Huxleys Albtraum. Über verwerfliche Diskriminierung und die Rolle des Staates

von Michael Oliva Córdoba (Hamburg)


Dieser Blogbeitrag basiert auf einem Aufsatz, der im Schwerpunkt “Diskriminierung” in der Zeitschrift für Praktische Philosophie erschienen ist.

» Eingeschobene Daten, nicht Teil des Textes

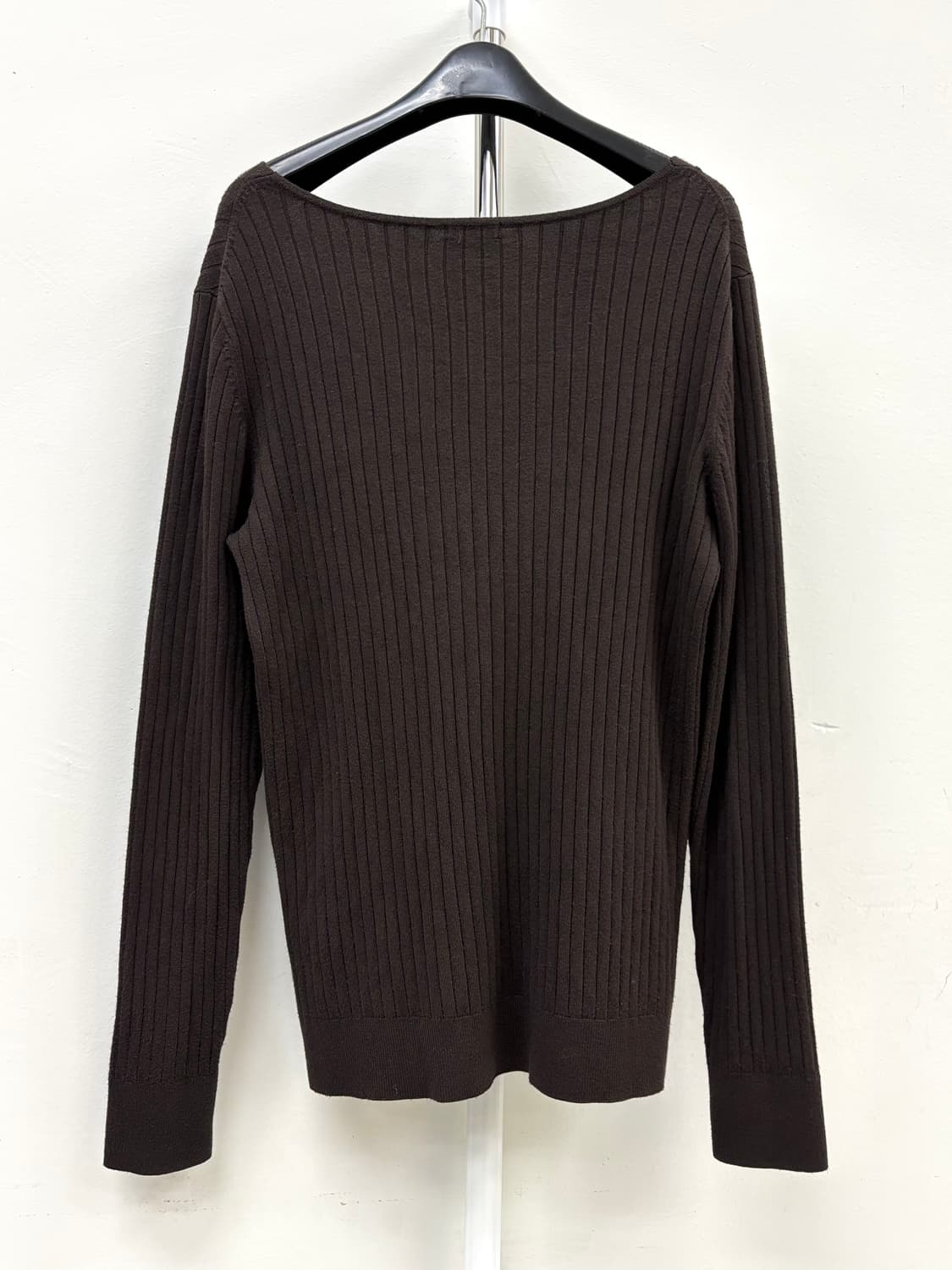 빈티지 브라운 롱슬리브 상품이미지7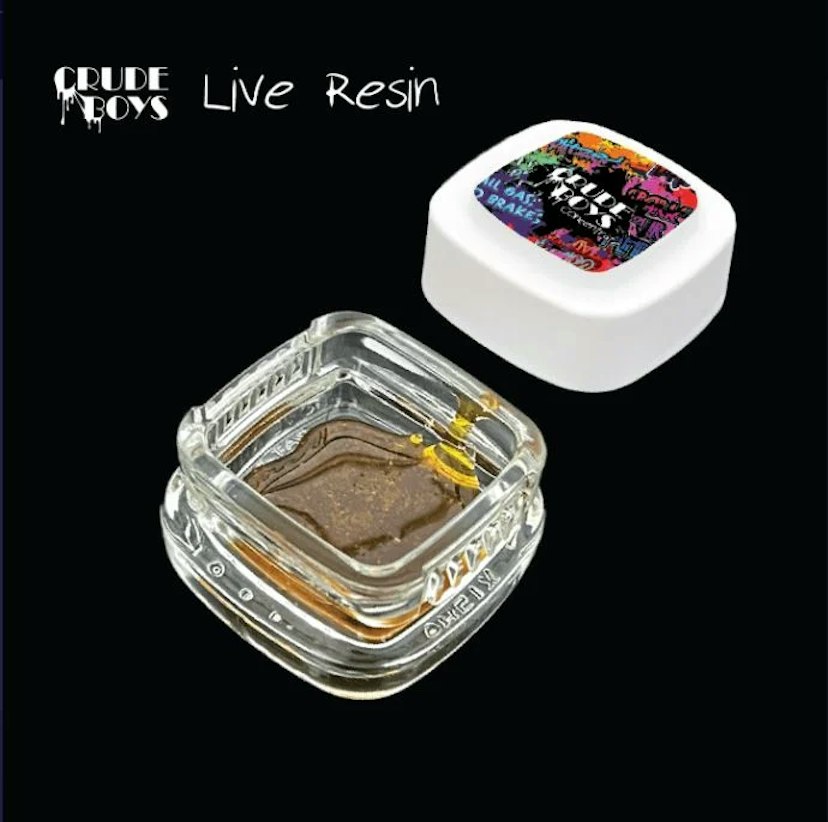 Crude Boys - Pink Lemonade Live Resin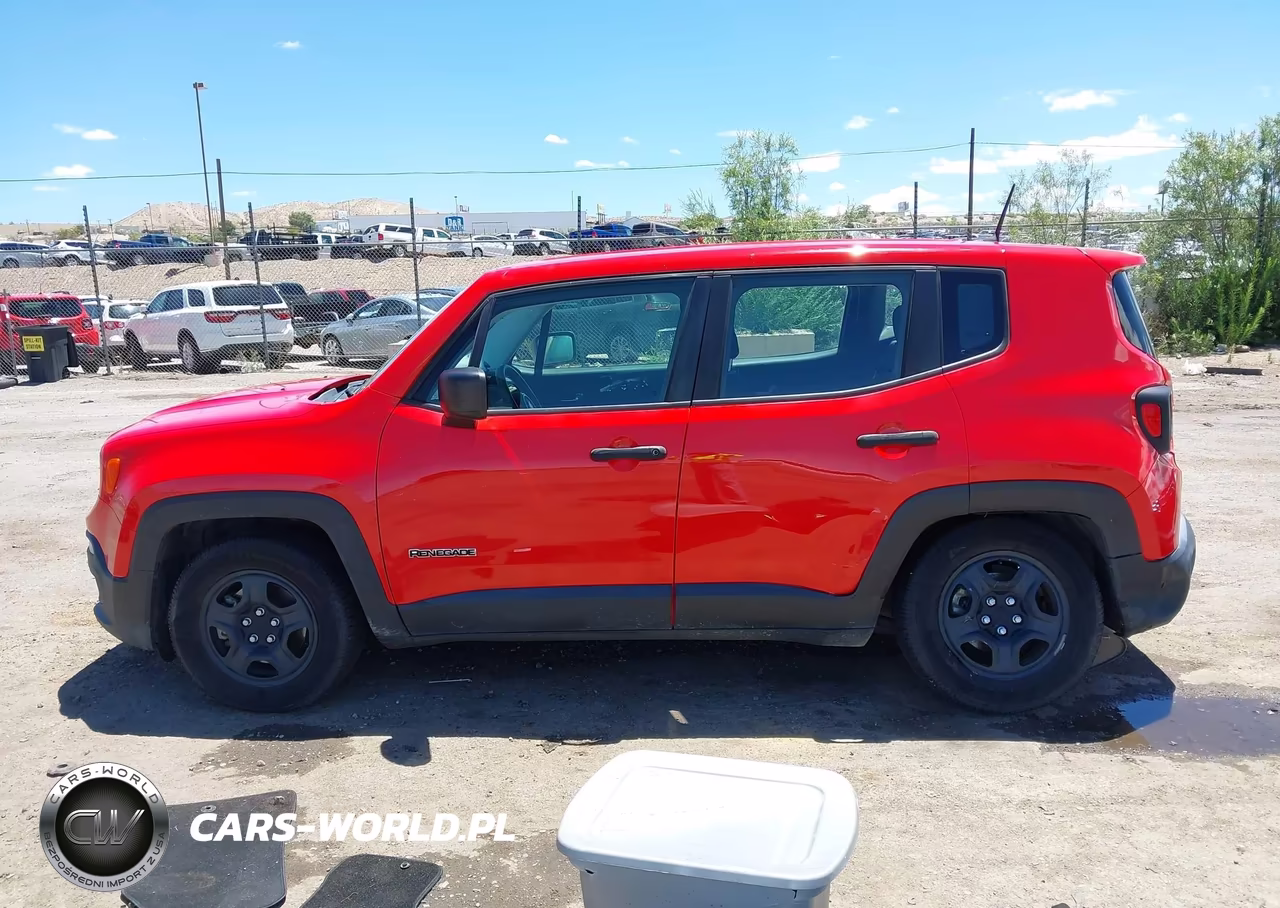 2017 Jeep Renegade Sport VIN:ZACCJAAH0HPG06621 - 14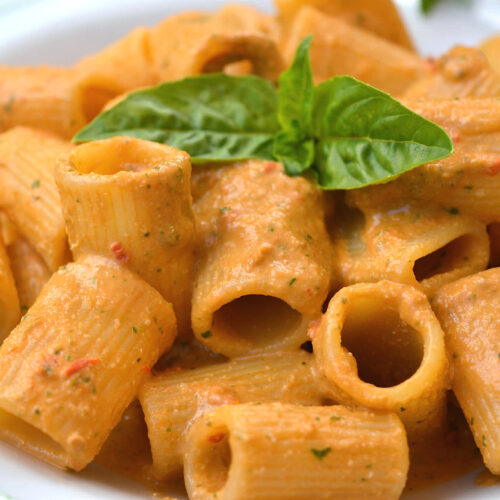 Pesto alla trapanese Bimby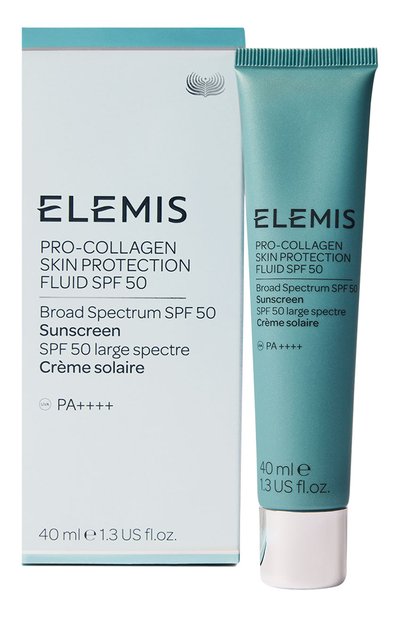 Защитный флюид про-коллаген spf 50 (40ml) ELEMIS, арт. EL60110, фото 3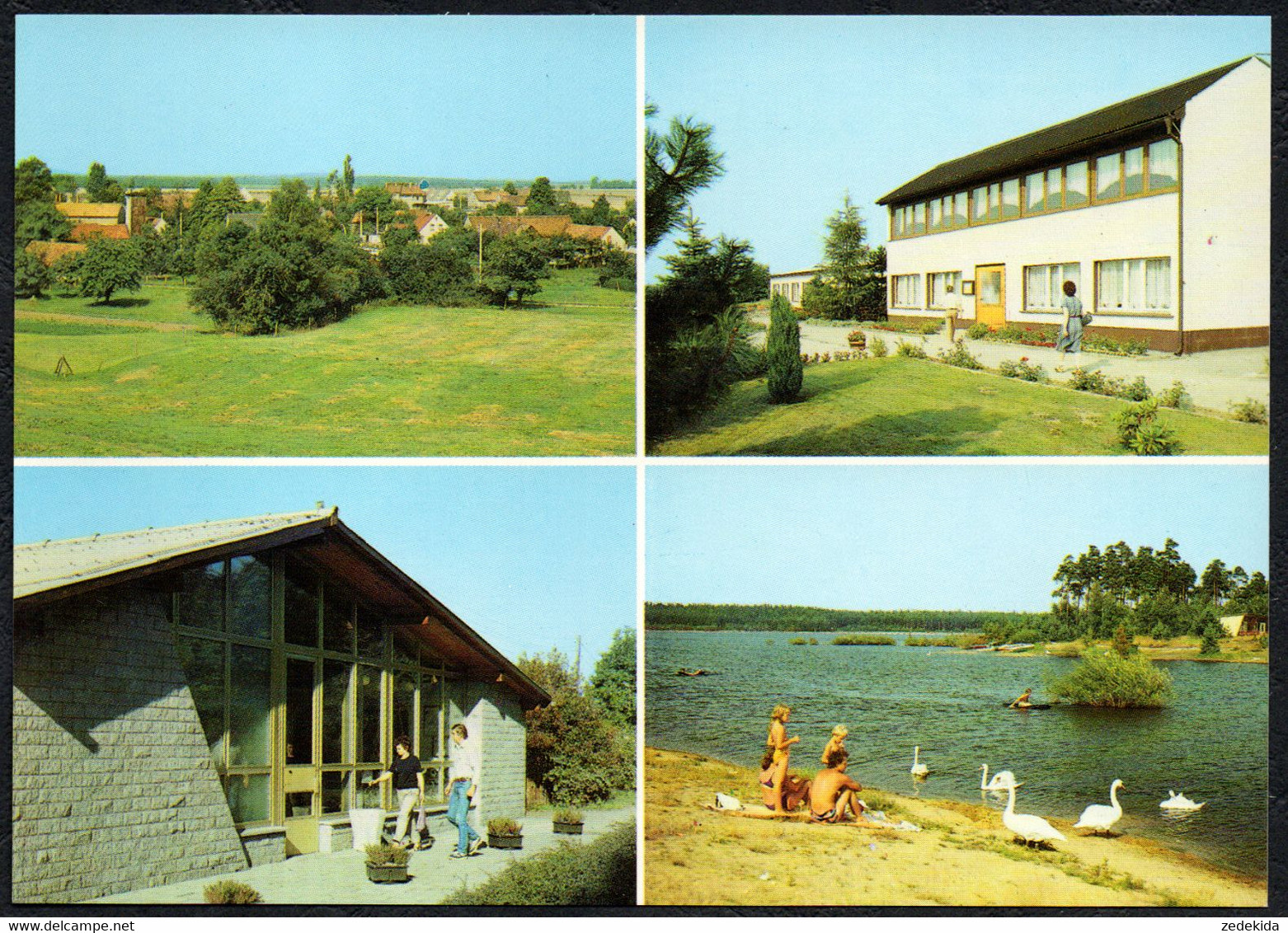 F1968 - TOP Nieder Seifersdorf LPG Am Stausee Kakteenverkaufsstelle Jänkendorf - Bild Und Heimat Reichenbach - Niesky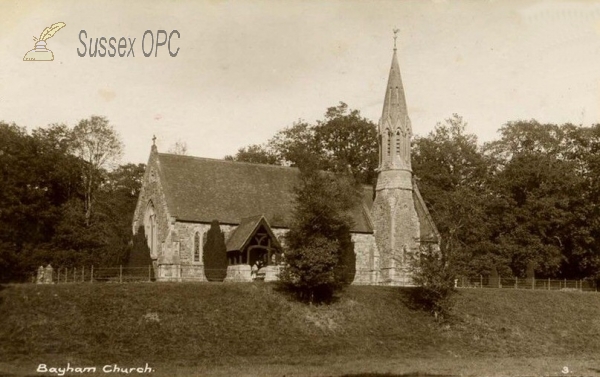 Image of Frant - Bayham Church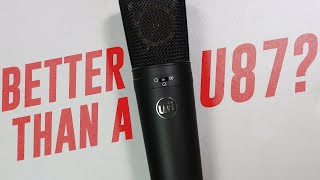 Video thumbnail for Warm Audio WA-87 Mic Review / Test (Comparison to U87 Ai) by Podcastage
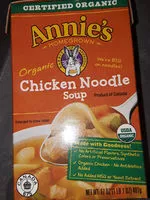 Mängden socker i Annies Homegrown Organic Chicken Noodle Soup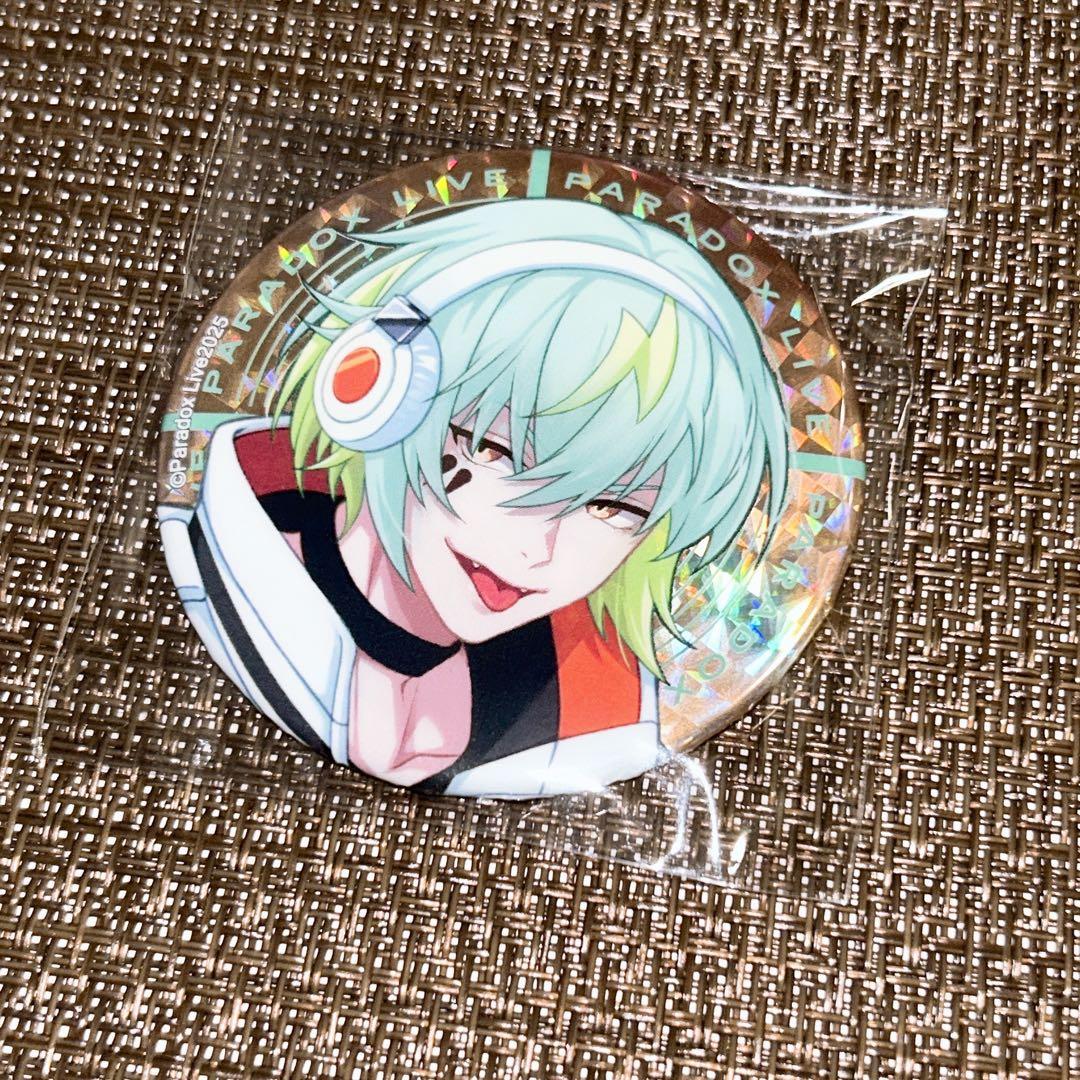 Paradox Live 御子柴賢太 Dope Space ドプスペ 缶バッジ - メルカリ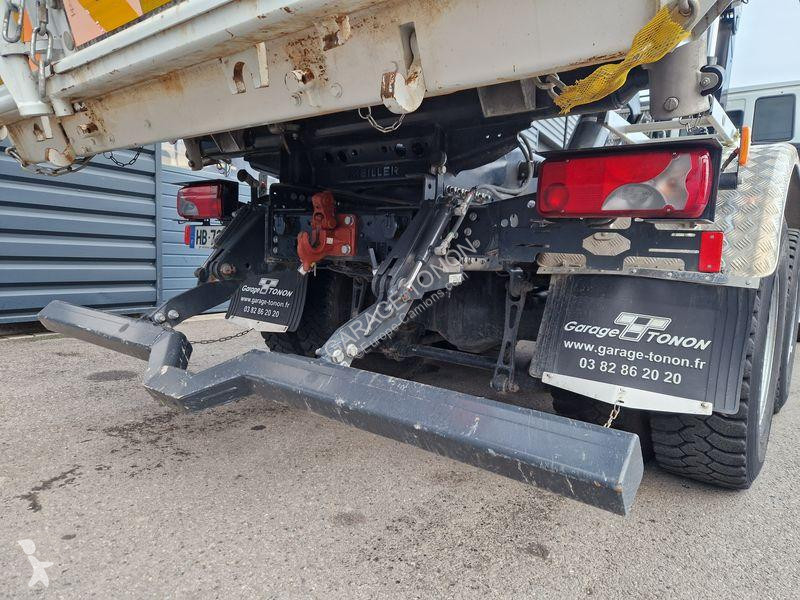 شاحنة Iveco 480 BI-BENNE + GRUE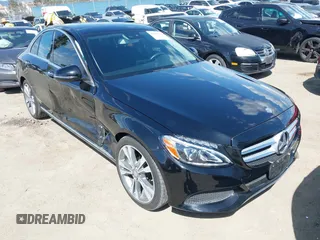 2017 Mercedes-Benz C C 300 with VIN 55SWF4JB2HU200616, listed as a IAAI auction lot 41965346 with 49,716 mi miles. Bid and sale history available at carsss.com. Image 1.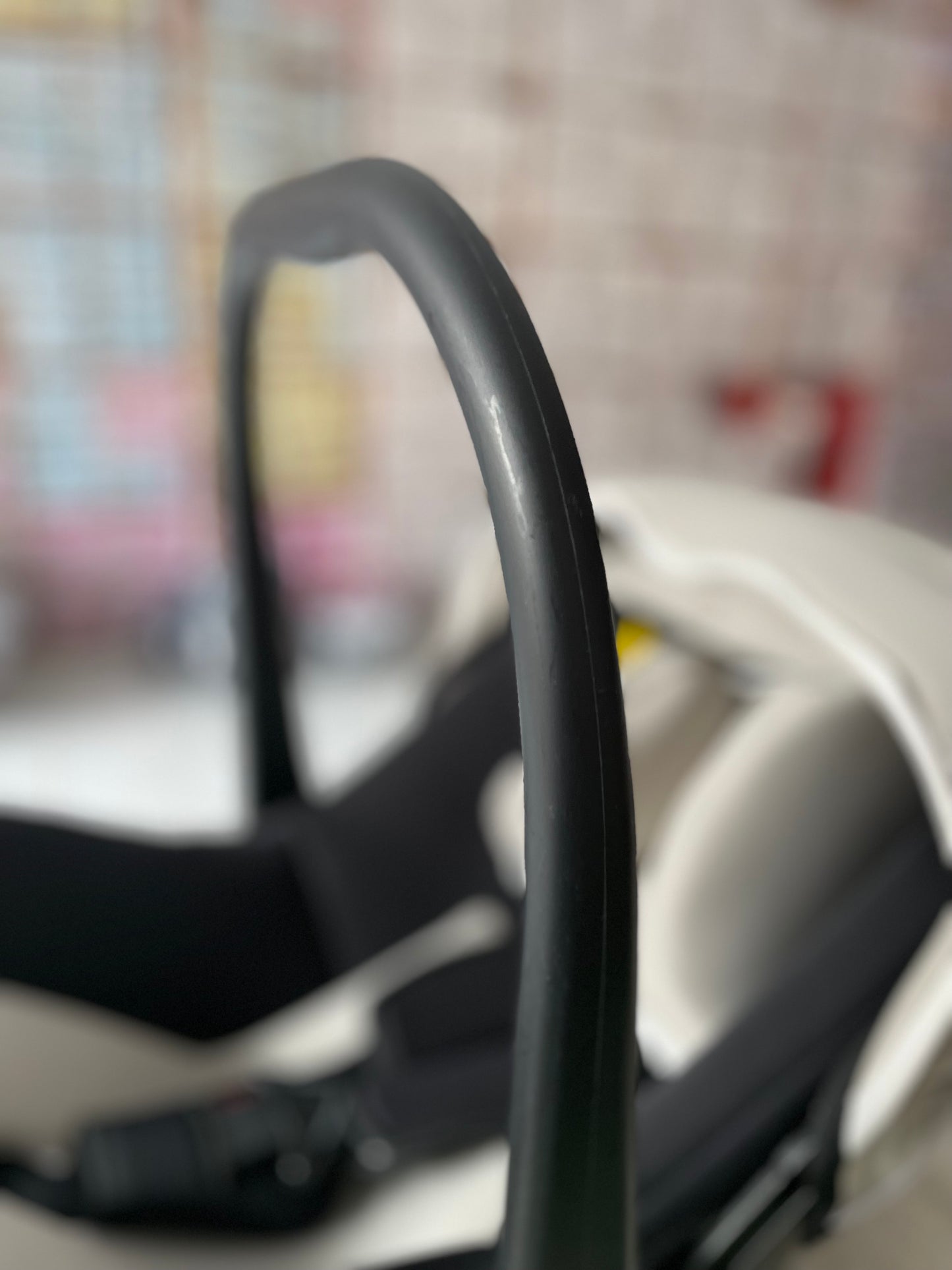 Black Carry Cot C005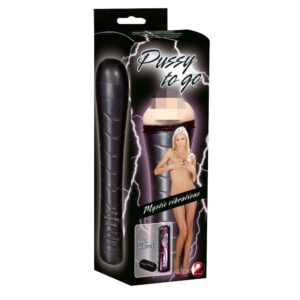 MASTURBATOR PUSSY TO GO VIBRATION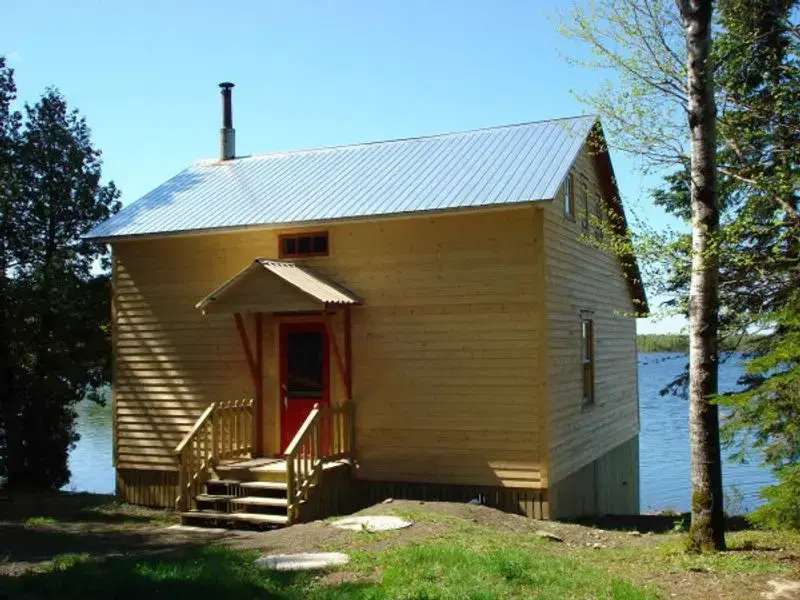 Le chalet des Pères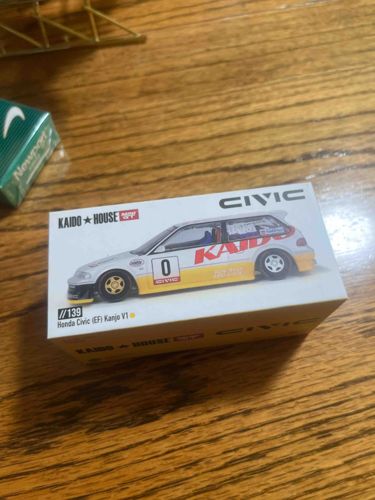 Mini GT Kaido House Honda Civic (EF) Kanjo V1 #139
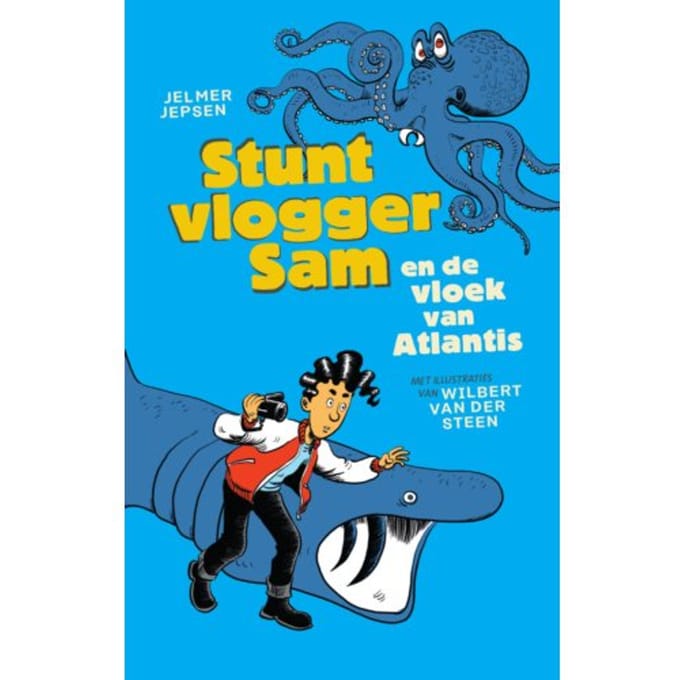 Stuntvlogger Sam En De Vloek Van Atlantis - Stuntvlogger Sam - Jelmer Jepsen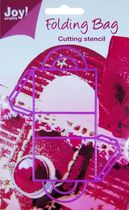 Joy Craft cut embossed board 3D three-dimensional handbag sugar box (medium) 60020095(G)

Was ist Diskriminierung? Wann ist sie verwerflich? Dies sind philosophisch heikle Fragen. Mein Beitrag stellt sie in den Zusammenhang der Arbeiten Larry Alexanders und Kaspar Lippert-Rasmussens. Anders als diese Denker nehme ich jedoch primär die Perspektive der Politischen Philosophie ein. Wer einerseits schon mal von einer Meute rechtsradikaler Fußballfans mit „Ausländer raus!“-Rufen durch die Straßen gescheucht wurde, und andererseits auf dem zuständigen Amt um seine Einbürgerung bangen musste, weil er als Jugendlicher demonstrieren gegangen war, der weiß, dass sich beides sehr unterschiedlich anfühlt. Es macht eben einen großen Unterschied, ob mich meine Mitbürger beim Bäcker oder an der Ampel scheel ansehen, oder ob mir dies auf der Wache, auf dem Amt oder vor Gericht widerfährt. Etwas Größeres ist hier im Spiel. Der Blick ‚allein‘ auf das verabscheuungswürdige Verhalten fragwürdiger Individuen fängt dies nicht ein. Im Gegenteil, ein so verengter Blick kann diesen Unterschied sogar verschütten.